Provided data
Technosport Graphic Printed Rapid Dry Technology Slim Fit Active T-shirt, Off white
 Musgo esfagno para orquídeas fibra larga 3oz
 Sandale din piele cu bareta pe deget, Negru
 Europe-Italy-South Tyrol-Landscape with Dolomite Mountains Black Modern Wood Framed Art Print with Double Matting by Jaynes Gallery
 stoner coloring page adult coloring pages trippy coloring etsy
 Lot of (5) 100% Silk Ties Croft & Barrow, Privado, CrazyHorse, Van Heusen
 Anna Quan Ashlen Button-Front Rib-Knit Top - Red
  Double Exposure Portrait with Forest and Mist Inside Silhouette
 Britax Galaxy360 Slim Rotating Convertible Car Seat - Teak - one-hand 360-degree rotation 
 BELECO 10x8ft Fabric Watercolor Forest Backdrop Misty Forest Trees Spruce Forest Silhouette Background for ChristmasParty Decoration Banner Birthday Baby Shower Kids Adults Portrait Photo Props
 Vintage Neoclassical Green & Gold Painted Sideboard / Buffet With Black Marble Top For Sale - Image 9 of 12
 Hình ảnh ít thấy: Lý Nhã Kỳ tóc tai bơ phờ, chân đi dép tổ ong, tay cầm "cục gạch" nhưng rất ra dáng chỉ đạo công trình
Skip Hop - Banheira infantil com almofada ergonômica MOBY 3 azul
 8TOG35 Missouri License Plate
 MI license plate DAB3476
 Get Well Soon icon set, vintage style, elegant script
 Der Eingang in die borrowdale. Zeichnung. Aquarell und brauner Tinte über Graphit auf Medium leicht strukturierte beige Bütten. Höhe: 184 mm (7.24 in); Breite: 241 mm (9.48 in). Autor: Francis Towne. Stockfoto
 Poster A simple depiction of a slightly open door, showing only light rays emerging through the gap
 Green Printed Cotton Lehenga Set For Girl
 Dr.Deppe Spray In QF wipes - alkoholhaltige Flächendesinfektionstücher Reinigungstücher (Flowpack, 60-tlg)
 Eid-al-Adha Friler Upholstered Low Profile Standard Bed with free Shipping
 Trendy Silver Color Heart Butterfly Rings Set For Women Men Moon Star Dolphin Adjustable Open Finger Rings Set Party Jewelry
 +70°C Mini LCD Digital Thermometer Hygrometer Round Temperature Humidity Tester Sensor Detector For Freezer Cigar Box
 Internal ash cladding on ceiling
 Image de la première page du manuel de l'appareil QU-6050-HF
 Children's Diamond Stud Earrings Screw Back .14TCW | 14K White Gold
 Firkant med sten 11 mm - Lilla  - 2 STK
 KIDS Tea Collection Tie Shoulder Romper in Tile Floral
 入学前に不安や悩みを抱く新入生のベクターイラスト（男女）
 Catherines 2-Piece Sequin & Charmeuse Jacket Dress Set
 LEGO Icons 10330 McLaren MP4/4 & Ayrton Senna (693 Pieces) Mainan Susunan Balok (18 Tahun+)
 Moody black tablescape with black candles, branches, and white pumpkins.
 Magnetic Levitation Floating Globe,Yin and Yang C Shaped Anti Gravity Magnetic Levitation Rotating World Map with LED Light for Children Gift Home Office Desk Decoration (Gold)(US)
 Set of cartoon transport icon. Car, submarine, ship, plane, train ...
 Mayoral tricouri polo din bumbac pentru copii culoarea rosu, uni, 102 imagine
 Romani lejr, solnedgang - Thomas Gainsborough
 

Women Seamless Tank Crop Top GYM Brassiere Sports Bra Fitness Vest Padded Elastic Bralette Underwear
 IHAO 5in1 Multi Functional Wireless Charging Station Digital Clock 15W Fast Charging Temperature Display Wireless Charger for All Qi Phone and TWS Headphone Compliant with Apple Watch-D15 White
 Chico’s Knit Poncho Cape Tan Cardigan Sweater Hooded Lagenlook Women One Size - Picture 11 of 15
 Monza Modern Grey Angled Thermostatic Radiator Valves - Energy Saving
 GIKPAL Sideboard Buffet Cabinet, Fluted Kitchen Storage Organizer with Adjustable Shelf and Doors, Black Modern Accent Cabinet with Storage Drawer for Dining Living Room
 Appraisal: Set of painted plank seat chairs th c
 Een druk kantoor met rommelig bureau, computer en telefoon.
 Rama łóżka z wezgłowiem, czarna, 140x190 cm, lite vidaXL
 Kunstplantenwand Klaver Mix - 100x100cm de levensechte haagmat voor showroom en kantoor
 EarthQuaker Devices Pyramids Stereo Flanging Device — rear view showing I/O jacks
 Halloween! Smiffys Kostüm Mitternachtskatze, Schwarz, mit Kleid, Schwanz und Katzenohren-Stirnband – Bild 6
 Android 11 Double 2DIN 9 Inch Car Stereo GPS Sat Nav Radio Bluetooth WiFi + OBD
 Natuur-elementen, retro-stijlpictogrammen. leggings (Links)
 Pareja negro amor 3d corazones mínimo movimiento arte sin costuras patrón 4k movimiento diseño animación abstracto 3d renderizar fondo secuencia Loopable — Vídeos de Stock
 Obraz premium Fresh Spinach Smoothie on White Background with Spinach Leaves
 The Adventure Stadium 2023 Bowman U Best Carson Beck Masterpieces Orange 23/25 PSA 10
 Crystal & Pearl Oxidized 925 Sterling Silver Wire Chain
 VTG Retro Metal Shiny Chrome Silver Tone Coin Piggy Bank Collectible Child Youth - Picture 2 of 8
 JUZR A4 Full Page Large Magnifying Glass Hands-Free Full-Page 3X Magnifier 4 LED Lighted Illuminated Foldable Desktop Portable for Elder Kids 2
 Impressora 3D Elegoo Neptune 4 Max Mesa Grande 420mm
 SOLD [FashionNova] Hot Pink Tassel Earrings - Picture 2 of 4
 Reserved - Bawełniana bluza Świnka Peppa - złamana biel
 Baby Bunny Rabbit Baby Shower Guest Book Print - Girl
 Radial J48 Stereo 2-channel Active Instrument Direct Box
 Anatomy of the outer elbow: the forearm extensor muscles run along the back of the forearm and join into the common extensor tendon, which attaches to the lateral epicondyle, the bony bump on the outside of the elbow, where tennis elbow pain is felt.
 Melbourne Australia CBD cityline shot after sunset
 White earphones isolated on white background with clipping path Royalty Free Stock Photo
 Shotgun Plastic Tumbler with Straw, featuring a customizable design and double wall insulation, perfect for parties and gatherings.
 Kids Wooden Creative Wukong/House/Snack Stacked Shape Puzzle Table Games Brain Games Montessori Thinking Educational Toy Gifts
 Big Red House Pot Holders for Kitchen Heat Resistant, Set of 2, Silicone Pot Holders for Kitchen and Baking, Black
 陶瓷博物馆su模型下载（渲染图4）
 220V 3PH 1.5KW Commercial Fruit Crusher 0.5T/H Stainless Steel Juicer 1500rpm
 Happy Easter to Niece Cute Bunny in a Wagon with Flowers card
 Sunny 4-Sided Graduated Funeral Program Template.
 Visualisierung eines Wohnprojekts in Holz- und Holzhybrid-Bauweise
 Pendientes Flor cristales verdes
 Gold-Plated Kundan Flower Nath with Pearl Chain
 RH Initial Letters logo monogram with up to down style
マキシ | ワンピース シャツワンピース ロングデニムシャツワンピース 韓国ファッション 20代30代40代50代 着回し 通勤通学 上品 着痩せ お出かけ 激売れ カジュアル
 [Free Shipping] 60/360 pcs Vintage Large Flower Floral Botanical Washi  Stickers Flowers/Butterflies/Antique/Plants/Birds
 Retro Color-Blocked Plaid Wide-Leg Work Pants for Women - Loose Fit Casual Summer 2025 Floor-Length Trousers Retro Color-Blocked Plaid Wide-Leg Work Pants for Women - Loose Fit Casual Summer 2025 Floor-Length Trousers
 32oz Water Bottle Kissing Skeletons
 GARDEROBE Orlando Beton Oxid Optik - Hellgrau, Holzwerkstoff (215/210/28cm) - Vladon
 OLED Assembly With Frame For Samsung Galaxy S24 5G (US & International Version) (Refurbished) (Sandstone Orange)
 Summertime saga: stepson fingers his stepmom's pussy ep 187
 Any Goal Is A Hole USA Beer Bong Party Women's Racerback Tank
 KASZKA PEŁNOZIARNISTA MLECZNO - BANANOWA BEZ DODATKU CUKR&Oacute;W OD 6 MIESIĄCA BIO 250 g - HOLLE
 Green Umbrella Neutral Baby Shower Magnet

Exercise directions
Work out how many lines of the records contain the word "Adjustable", and give only that number.

Exercise output
2